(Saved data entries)
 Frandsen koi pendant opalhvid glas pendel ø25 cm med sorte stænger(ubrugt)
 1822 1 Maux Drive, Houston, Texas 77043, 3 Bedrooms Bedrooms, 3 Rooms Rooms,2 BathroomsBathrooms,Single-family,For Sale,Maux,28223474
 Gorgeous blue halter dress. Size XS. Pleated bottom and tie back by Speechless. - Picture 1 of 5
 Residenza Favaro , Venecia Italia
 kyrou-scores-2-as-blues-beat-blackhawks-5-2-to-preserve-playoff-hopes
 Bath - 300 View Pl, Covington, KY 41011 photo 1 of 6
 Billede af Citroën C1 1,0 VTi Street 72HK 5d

◆ Activity
Write down only the closing run of lines: the one containing "1822 1 Maux" and every line after it to the end of the entries, exactly.

◆ Solved exercise
 1822 1 Maux Drive, Houston, Texas 77043, 3 Bedrooms Bedrooms, 3 Rooms Rooms,2 BathroomsBathrooms,Single-family,For Sale,Maux,28223474
 Gorgeous blue halter dress. Size XS. Pleated bottom and tie back by Speechless. - Picture 1 of 5
 Residenza Favaro , Venecia Italia
 kyrou-scores-2-as-blues-beat-blackhawks-5-2-to-preserve-playoff-hopes
 Bath - 300 View Pl, Covington, KY 41011 photo 1 of 6
 Billede af Citroën C1 1,0 VTi Street 72HK 5d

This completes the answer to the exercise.